JFL Capital acknowledges the Staff’s comment and respectfully advises the Staff that Dr. Lawler has consulted his notes from the April 5, 2019 call with Dr. Peters and Ms. Franchi and confirms that the parties also discussed what the Company’s plans were for the future at such time and believes that potential strategic transactions, including the possibility of a reverse merger with a privately held company, were also discussed. The Proxy Statement has been revised to also include “The parties also discussed what the Company’s plans were for the future, and Dr. Lawler inquired about potential strategic transactions, including the possibility of a reverse merger with a privately held company.” Please see page 6 of the Proxy Statement.

With respect to Mr. English’s April 10, 2019 call with Dr. Peters and Ms. Franchi, Mr. English has consulted his notes from such meeting and confirms that he did not inquire regarding the possibility of a potential reverse merger. According to Mr. English, the possibility of a reverse merger was not even on his radar at such time. Mr. English firmly believes that the following statement is correct and embodies the entirety of the April 10, 2019 conversation: “The parties discussed the Company’s drug candidate MM-310, plans for Merrimack’s cash, clinical trials and business generally.”

 

August 19, 2019

Page 3

Total Shareholder Return, page 10

5.The participants assert that “…(…the Company’s total shareholder returns have been negative over nearly every period outside of the last year)…” Please provide us with the factual foundation for this statement and specifically address the calculation of total returns from March 2012 through “its peak” in April 2015. Alternatively, please delete or modify the statement. Refer to Note b. of Rule 14a-9.

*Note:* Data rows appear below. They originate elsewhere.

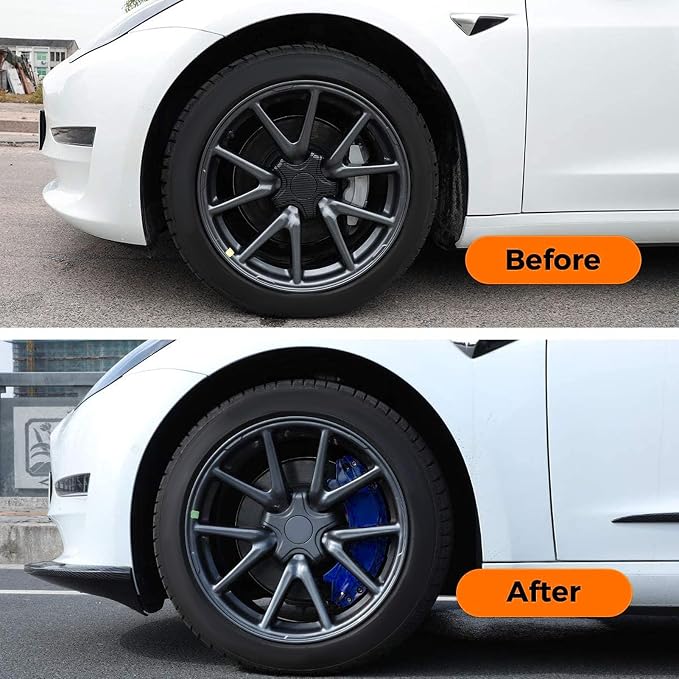 Caliper Covers Set of 4 Compatible with Accessories, Brake Caliper Cover Front Rear Aluminum Alloy, Brake Caliper Covers for 2020-2023 19 20in Wheels hub (Blue)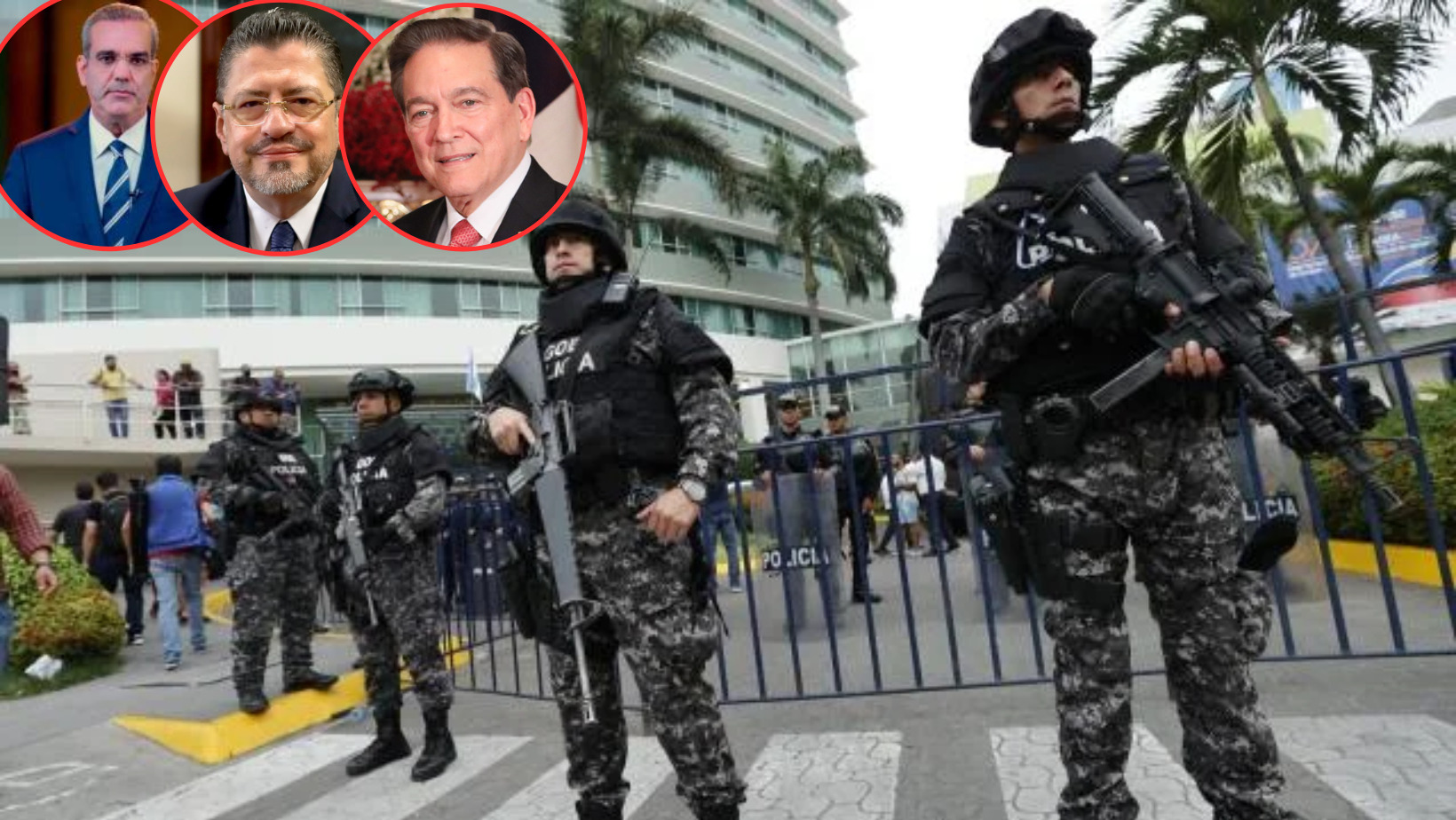 Mandatarios de RD, Costa Rica y Panamá, y agentes policiales de Ecuador. FOTO: CDN Digital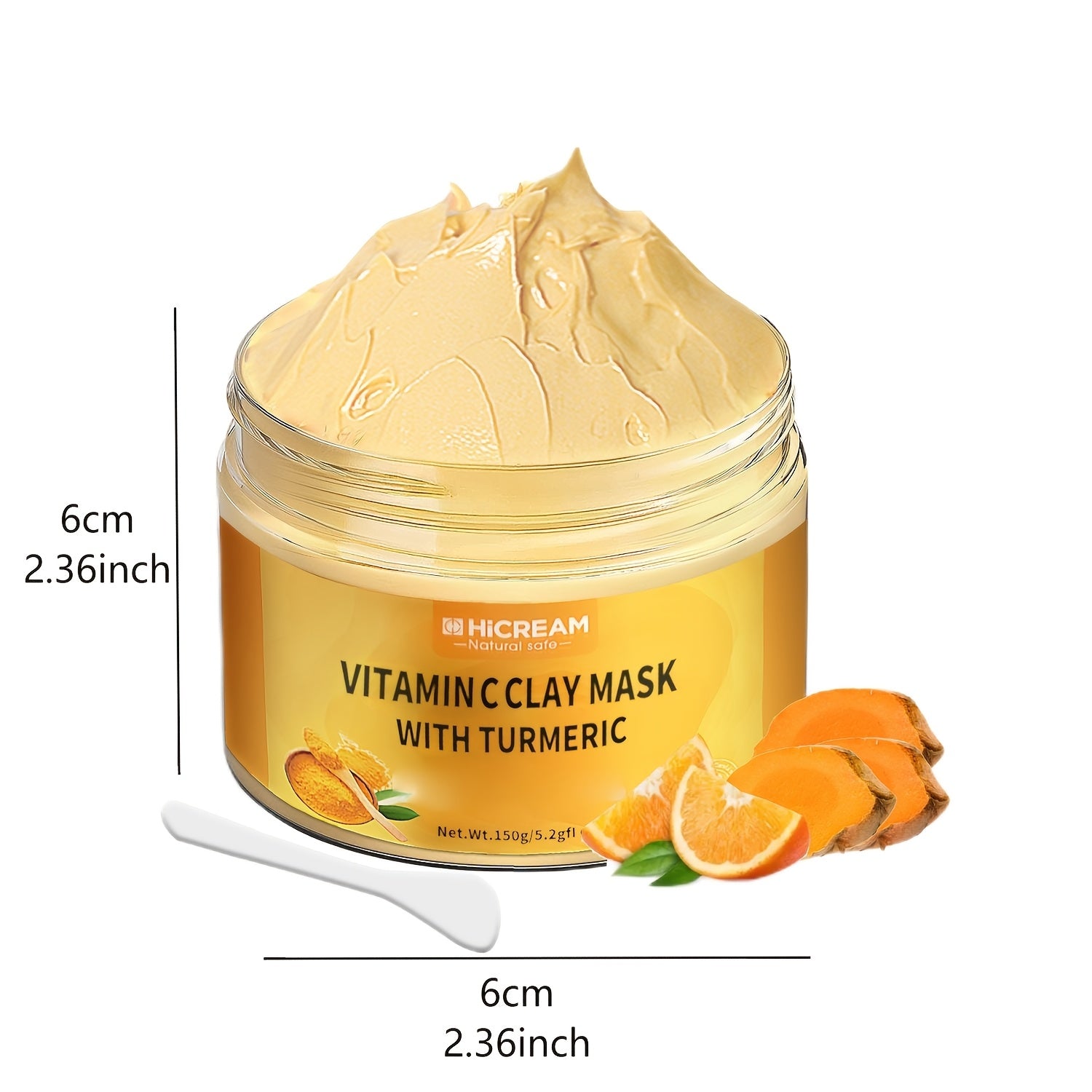 TEMU 5.29 Oz Turmeric Vitamin C Clay Mask Turmeric Face Clay Mask Vc Cleansing Mask. Contains : Aloe Vera, Calendula For Plumped, Smoother Skin,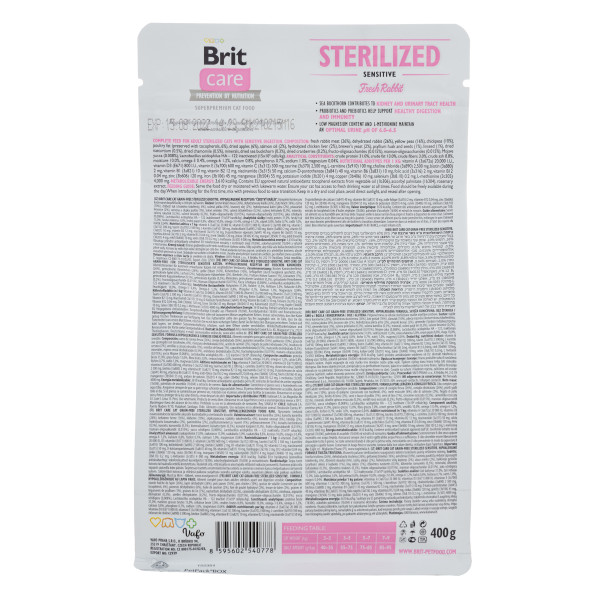 Brit Care (Бріт Кеа) Sterilized Sensitive - Сухий беззерновий корм для стерилізованих кішок з чутливим ШКТ 0.4 кг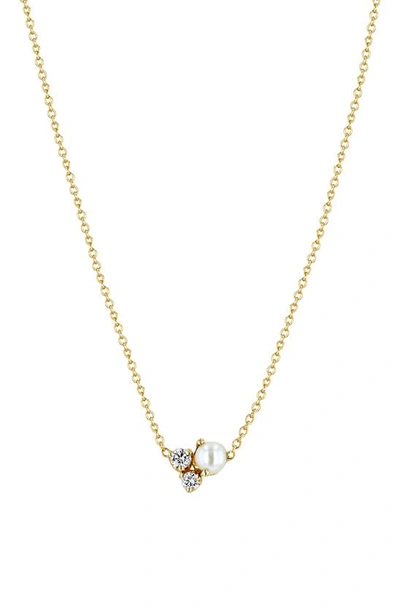 Shop Zoë Chicco Diamond & Pearl Trio Necklace In 14k Yellow Gold
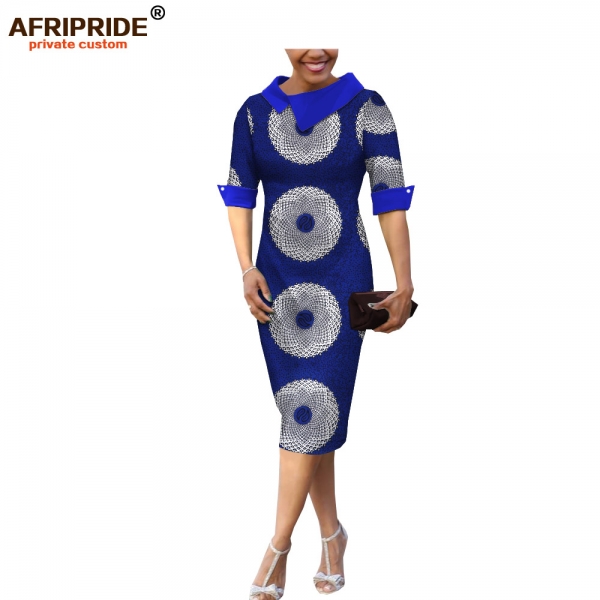 18 summer&autumn casual women pencil dress african wax print AFRIPRIDE tailor made half sleeve mid-calf length dress A1825055 1 Bold Beauty: African Wax Print Pencil Dress for Summer & Autumn Style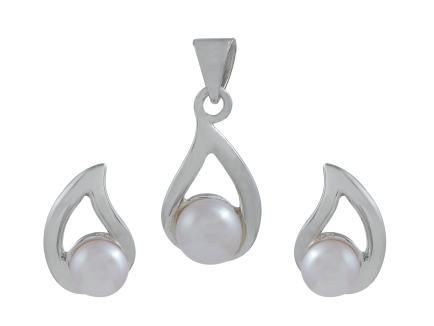Fresh Water Button Pearl Pendants Set with Alloy metal JPTP2453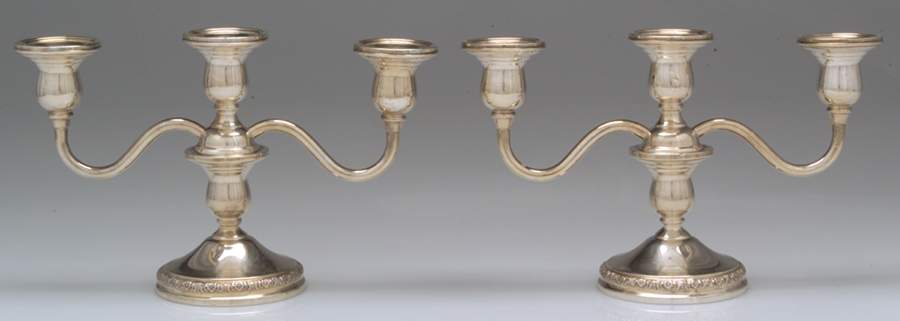 Prelude-Plain (Sterling Hollowware) Pair of Weighted 3 Light Candelabras by International Silver-1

JFL Capital acknowledges the Staff’s comment and has revised the Proxy Statement accordingly. The disclosure has been revised to provide “[d]espite somewhat ‘recovering’ over the past year (the term being used loosely given the severity of the Company’s stock price underperformance over the past several years), Merrimack’s stock price is still down a staggering 86% since its IPO and over 93% from its peak in April 2015.1” Please see page 10 of the Proxy Statement.

* * * * *

The Staff is invited to contact the undersigned with any comments or questions it may have. We would appreciate your prompt advice as to whether the Staff has any further comments. Thank you for your assistance.

 

Sincerely,
 
/s/ Ryan P. Nebel
 
Ryan P. Nebel

 

cc:Joseph F. Lawler, M.D., Ph.D., JFL Capital Management LLC

 


1 Source: S&P Data; calculated as of August 5, 2019.